Loading...

3 Boost C++ libraries you might not know about

1 year ago

If you’re new to C++, you may not know how the Boost libraries have helped prototype many of the features you now take for granted in the standard.

Before C++ 11, using the Boost Libraries was a must if you wanted to use shared pointers, static assertions, or even create a thread in a portable way!

Today, you may be using Boost because of Asio, Spirit, or Containers. Boost has many, many libraries, and I thought it would be fun to zoom in on three libraries that may be less well-known.

Accumulators

Let’s say you have a bunch of integers (or floats), and you’d like to run stats on them. You know, nothing crazy, count them, average them, min, max. Easy. Then maybe, you’d want the median. Skewness. P99. Mmm. That’s a bit harder. Wait. P99 is not that trivial to get right. And it sounds like there are many optimization opportunities. 

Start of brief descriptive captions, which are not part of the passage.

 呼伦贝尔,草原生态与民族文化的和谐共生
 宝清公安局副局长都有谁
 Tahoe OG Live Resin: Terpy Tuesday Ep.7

Doing this right sounds like a mission. And we don’t have time for that. We got Rick & Morty episodes to watch.

Lucky for you, Boost has a fantastic library for that: Accumulators. You might have been scared by the documentation or the compilation error messages, but fear not fren, I will show you how easy it is.

Accumulators, is what its name says: an accumulator for statistics. You create an accumulator for a selection of statistics, inject your data as you receive it, and compute values at will.

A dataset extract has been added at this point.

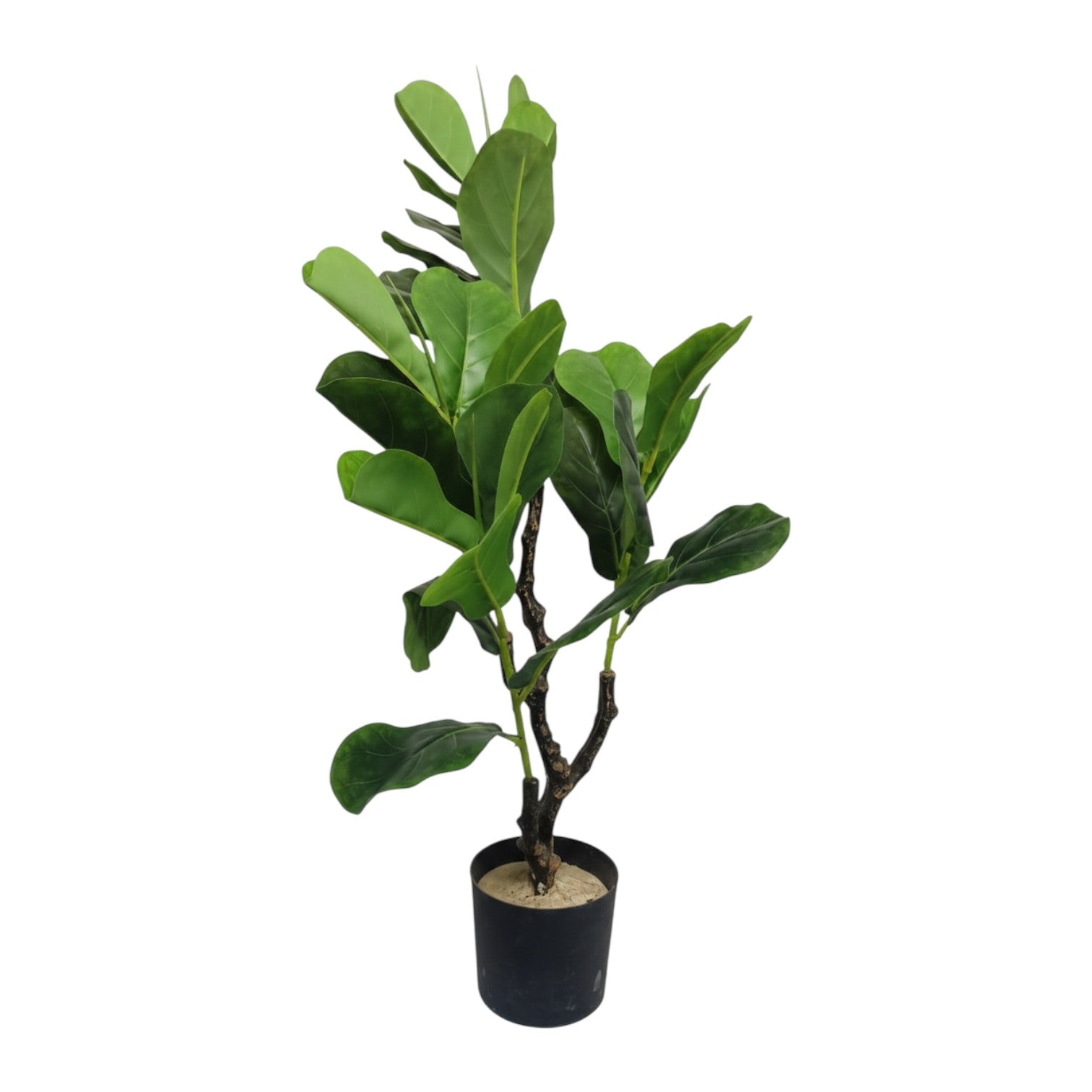 Fiddle Leaf Fig Tree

Let’s start with a simple example: max, average, count:

#include <boost/accumulators/accumulators.hpp>
#include <boost/accumulators/statistics/count.hpp>
#include <boost/accumulators/statistics/max.hpp>
#include <boost/accumulators/statistics/mean.hpp>
#include <boost/accumulators/statistics/stats.hpp>

// order does not matter, just tell accumulator which
// stats you're interested in
using stats_accumulators =
    boost::accumulators::stats<boost::accumulators::tag::count,
    boost::accumulators::tag::mean, 
    boost::accumulators::tag::max>;

// here we'll use double floating points for computation
using stats_accumulators_set = 
    boost::accumulators::accumulator_set<double, stats_accumulators>;

// declare object
stats_accumulators_set acc;

// add bunch of values that would likely come from your program
acc(1.0);
acc(3.0);

// extract count, max, and mean, results will be double
auto mean  = boost::accumulators::mean(acc);
auto max   = boost::accumulators::max(acc);
auto count = boost::accumulators::count(acc);

Now, it gets a bit trickier when you begin to do medians and P99, as you need to configure the cache size properly (the library uses a, configurable, statistical algorithm, thus median is not 100% accurate).

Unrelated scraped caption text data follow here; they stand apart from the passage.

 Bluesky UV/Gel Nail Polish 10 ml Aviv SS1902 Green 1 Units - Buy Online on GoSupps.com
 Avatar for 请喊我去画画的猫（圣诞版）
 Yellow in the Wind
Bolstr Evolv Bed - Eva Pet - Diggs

Pro tip: make sure your cache size isn’t too large, as performance can suffer:

#include <boost/accumulators/accumulators.hpp>
#include <boost/accumulators/numeric/functional/complex.hpp>
#include <boost/accumulators/numeric/functional/valarray.hpp>
#include <boost/accumulators/numeric/functional/vector.hpp>
#include <boost/accumulators/statistics/count.hpp>
#include <boost/accumulators/statistics/max.hpp>
#include <boost/accumulators/statistics/mean.hpp>
#include <boost/accumulators/statistics/stats.hpp>
#include <boost/accumulators/statistics/tail_quantile.hpp>

// extract the greatest value
using right_quantile =
    boost::accumulators::tag::tail_quantile<
        boost::accumulators::right>;

// compared to before, 
// we just throw in the right_quantile and can keep the others
using stats_accumulators = boost::accumulators::stats<
    boost::accumulators::tag::count, 
    boost::accumulators::tag::mean,
    boost::accumulators::tag::max, 
    right_quantile>;

using stats_accumulators_set = 
    boost::accumulators::accumulator_set<double, stats_accumulators>;

// configure the cache size, 
// very important for statistical algorithms like median and quantiles
// here we will use a cache of 1,000, 
// I advise going above 10,000 for performance reasons
stats_accumulators_set acc{boost::accumulators::right_tail_cache_size = 1'000};

acc(1.0);
acc(3.0);

// hey Boost.Accumulators, give me the threshold below which 99% of my values are
auto p99 = boost::accumulators::quantile(acc,
    boost::accumulators::quantile_probability = 0.99);

Accumulator delivers good performance, will get the math right and has a comprehensive statistical toolbox. 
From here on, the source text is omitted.